DIRECTIONS: Beginning with the line that contains "Click Create Alert", retype the entries below exactly, ending with the line that contains "This is the". Leave out any pictures.

MATERIAL PROVIDED:
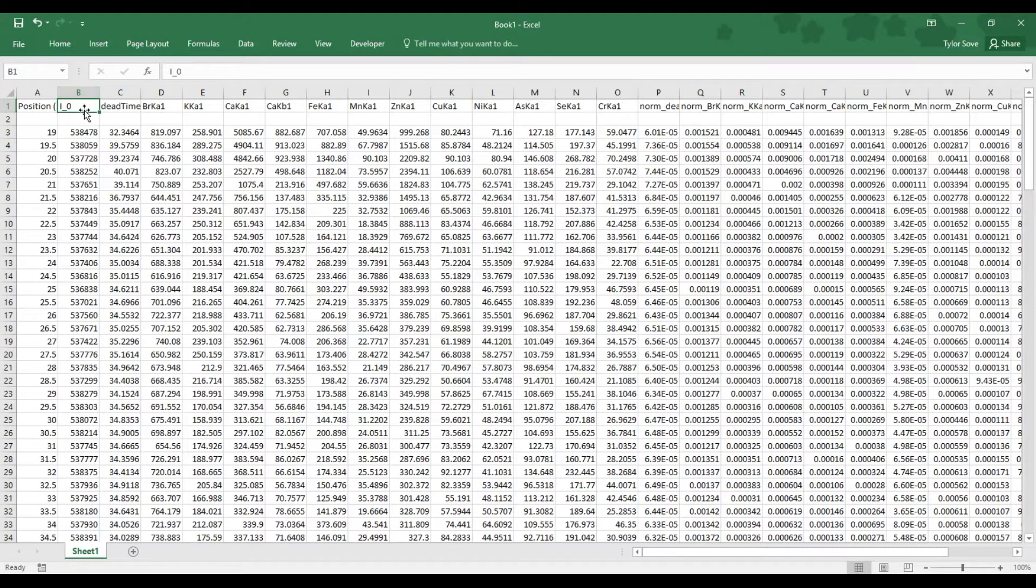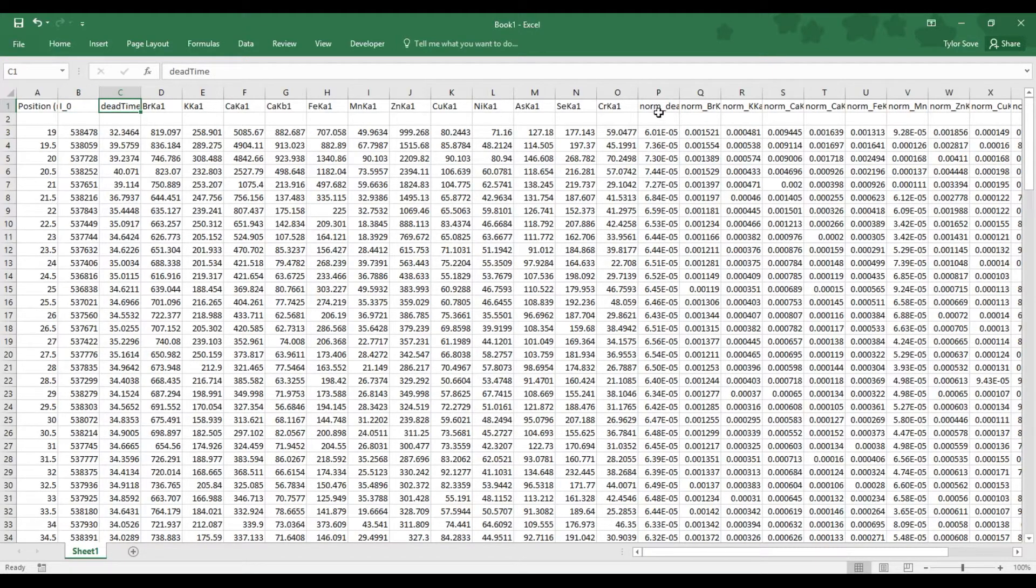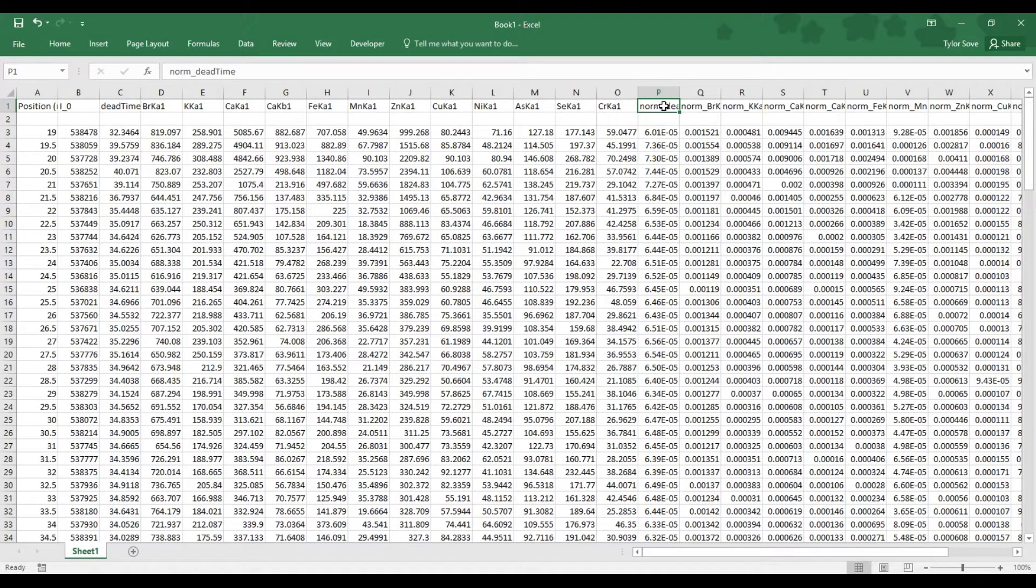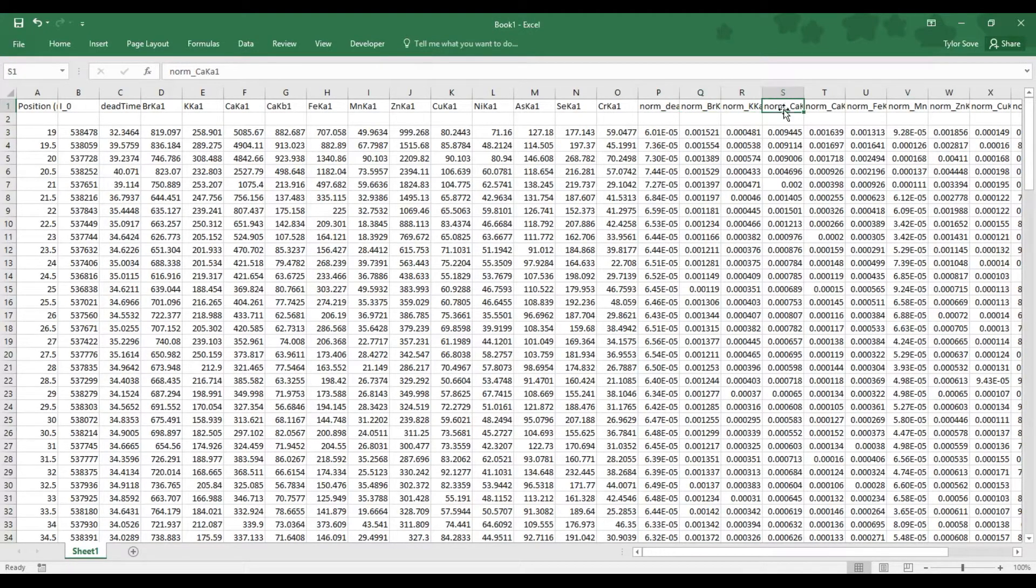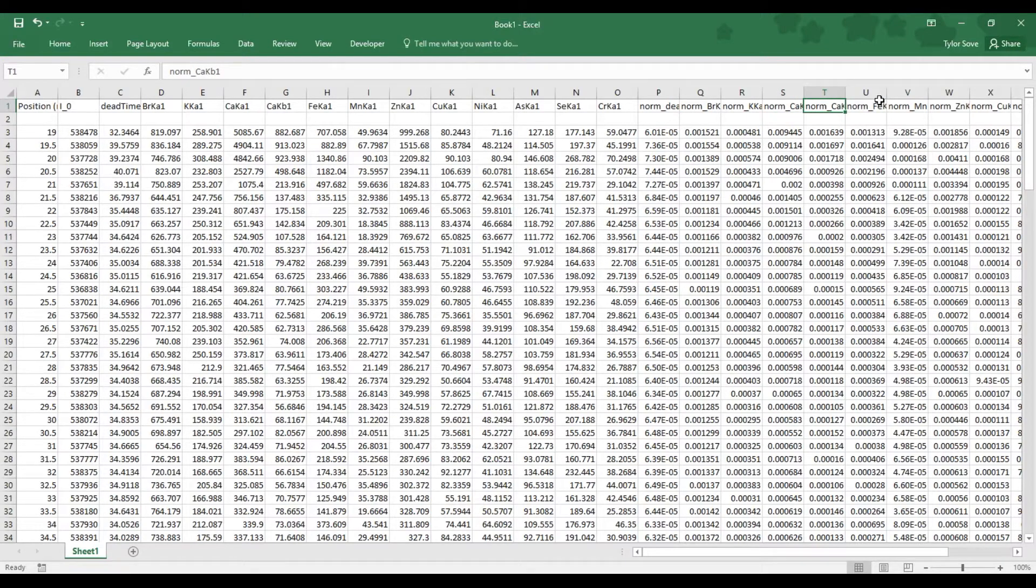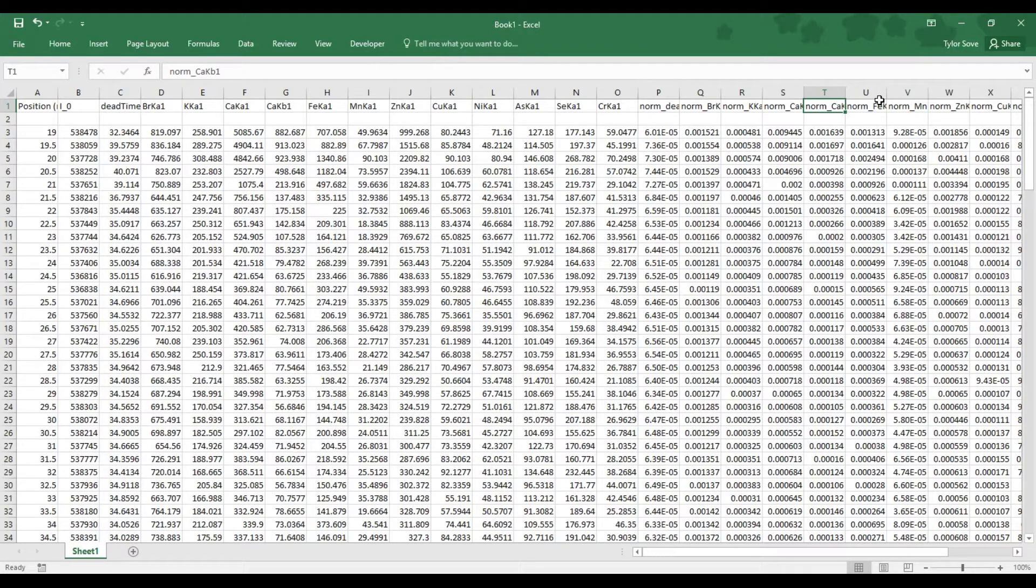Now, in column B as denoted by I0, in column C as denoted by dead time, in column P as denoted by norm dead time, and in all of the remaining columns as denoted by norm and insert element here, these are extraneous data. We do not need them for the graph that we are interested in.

==

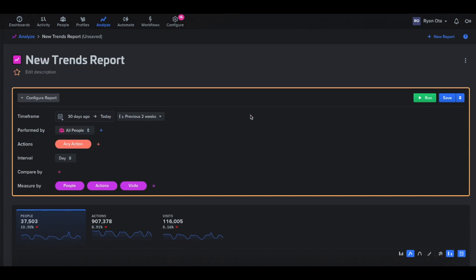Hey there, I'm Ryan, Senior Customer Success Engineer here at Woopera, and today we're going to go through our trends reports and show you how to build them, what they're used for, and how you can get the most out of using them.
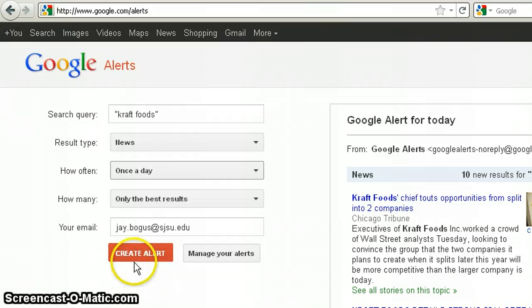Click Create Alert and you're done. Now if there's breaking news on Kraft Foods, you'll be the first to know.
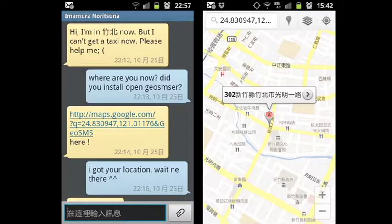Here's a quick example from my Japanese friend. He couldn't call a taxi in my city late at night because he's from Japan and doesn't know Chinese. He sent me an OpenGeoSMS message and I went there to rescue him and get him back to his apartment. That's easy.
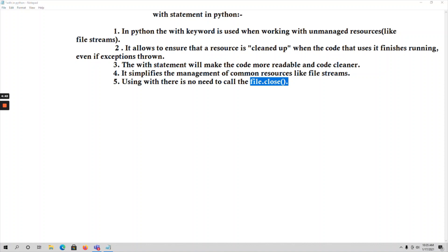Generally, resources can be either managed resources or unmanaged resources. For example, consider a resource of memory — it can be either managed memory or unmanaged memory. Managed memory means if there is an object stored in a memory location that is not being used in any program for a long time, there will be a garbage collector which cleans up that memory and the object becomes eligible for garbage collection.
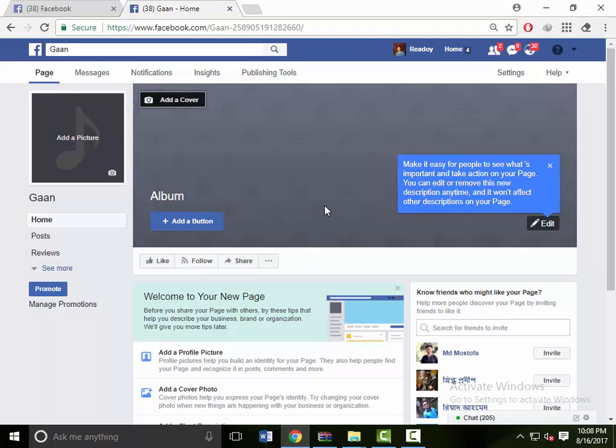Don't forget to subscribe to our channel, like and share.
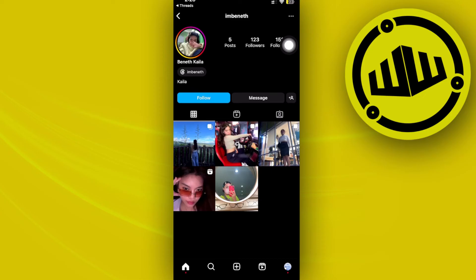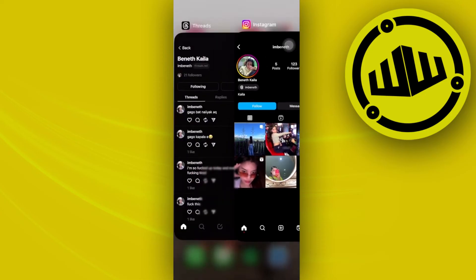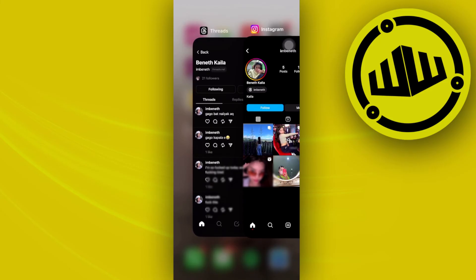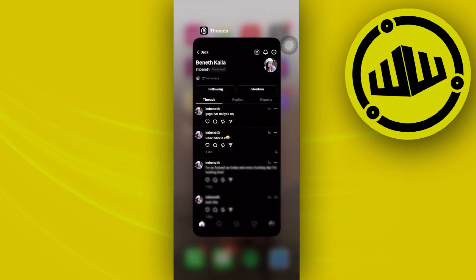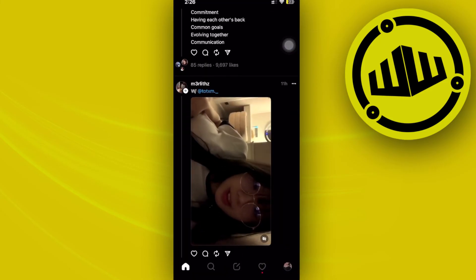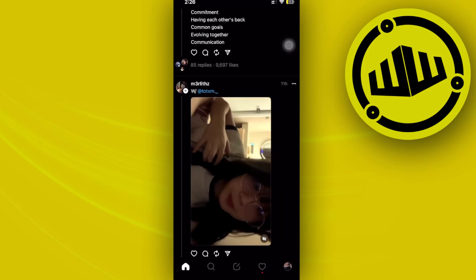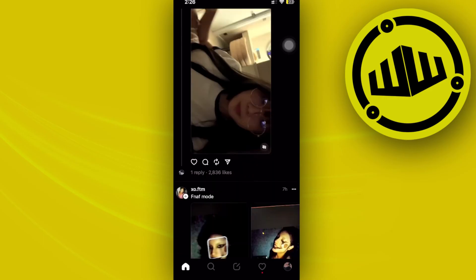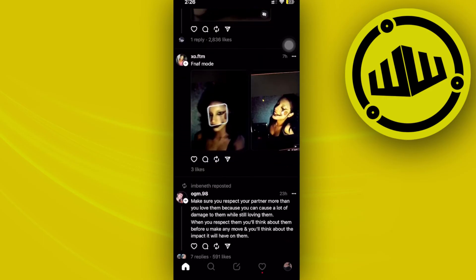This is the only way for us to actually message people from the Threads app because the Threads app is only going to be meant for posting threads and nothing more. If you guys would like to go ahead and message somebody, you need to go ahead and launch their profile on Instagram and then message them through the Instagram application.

==

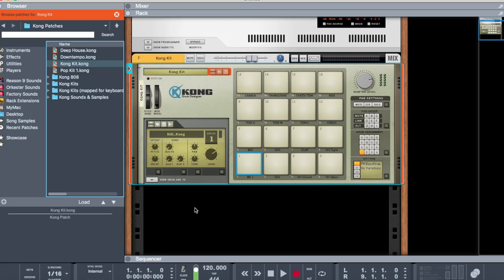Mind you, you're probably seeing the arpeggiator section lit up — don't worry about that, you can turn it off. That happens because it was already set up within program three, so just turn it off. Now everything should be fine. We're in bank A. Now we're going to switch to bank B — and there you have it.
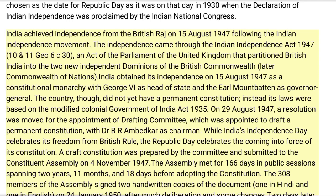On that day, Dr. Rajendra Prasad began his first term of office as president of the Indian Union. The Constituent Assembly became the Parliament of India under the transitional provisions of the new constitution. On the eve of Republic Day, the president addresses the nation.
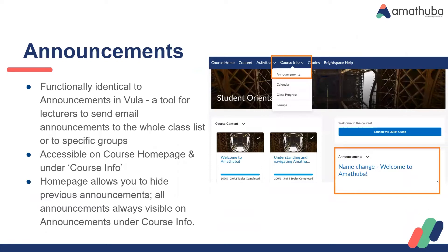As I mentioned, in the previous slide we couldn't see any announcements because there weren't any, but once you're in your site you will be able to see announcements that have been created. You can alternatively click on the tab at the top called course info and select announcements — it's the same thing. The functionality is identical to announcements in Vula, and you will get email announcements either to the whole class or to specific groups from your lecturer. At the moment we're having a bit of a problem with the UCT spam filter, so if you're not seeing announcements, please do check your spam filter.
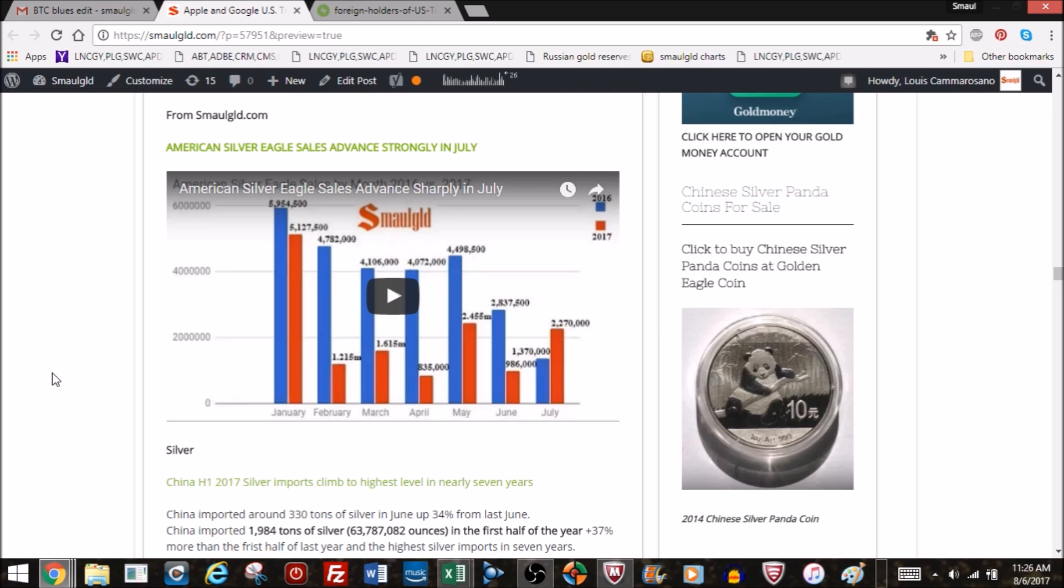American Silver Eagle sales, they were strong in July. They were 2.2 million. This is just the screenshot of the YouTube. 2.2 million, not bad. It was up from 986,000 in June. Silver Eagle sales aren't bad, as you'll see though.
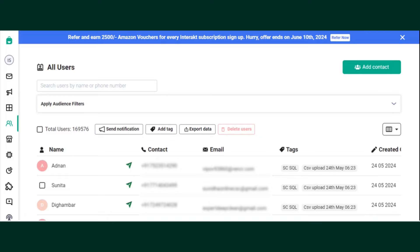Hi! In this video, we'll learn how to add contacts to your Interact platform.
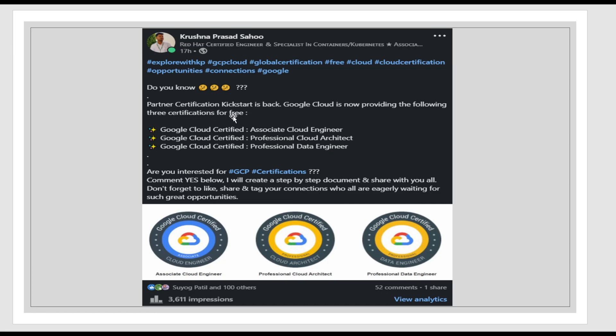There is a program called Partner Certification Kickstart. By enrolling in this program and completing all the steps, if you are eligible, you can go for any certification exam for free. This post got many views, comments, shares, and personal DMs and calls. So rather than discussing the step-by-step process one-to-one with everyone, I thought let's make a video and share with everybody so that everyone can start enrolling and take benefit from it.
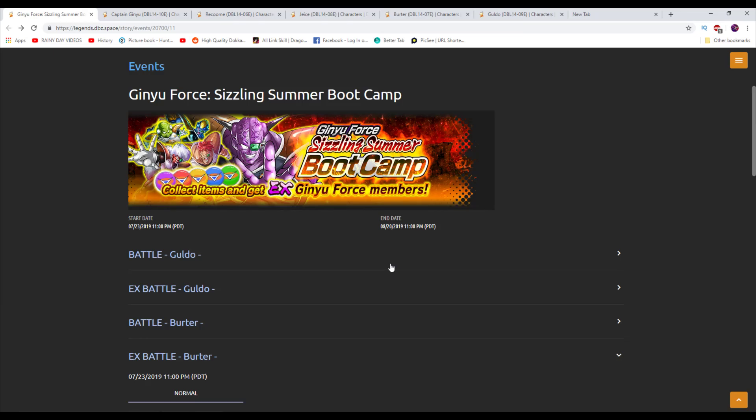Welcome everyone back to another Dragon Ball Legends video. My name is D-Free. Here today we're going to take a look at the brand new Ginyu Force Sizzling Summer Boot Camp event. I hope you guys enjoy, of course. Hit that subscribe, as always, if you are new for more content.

SOLUTION TO THE EXERCISE:
Click Create Alert and you're done. Now if there's breaking news on Kraft Foods, you'll be the first to know.
Here's a quick example from my Japanese friend. He couldn't call a taxi in my city late at night because he's from Japan and doesn't know Chinese. He sent me an OpenGeoSMS message and I went there to rescue him and get him back to his apartment. That's easy.
Generally, resources can be either managed resources or unmanaged resources. For example, consider a resource of memory — it can be either managed memory or unmanaged memory. Managed memory means if there is an object stored in a memory location that is not being used in any program for a long time, there will be a garbage collector which cleans up that memory and the object becomes eligible for garbage collection.
Don't forget to subscribe to our channel, like and share.
This is the only way for us to actually message people from the Threads app because the Threads app is only going to be meant for posting threads and nothing more. If you guys would like to go ahead and message somebody, you need to go ahead and launch their profile on Instagram and then message them through the Instagram application.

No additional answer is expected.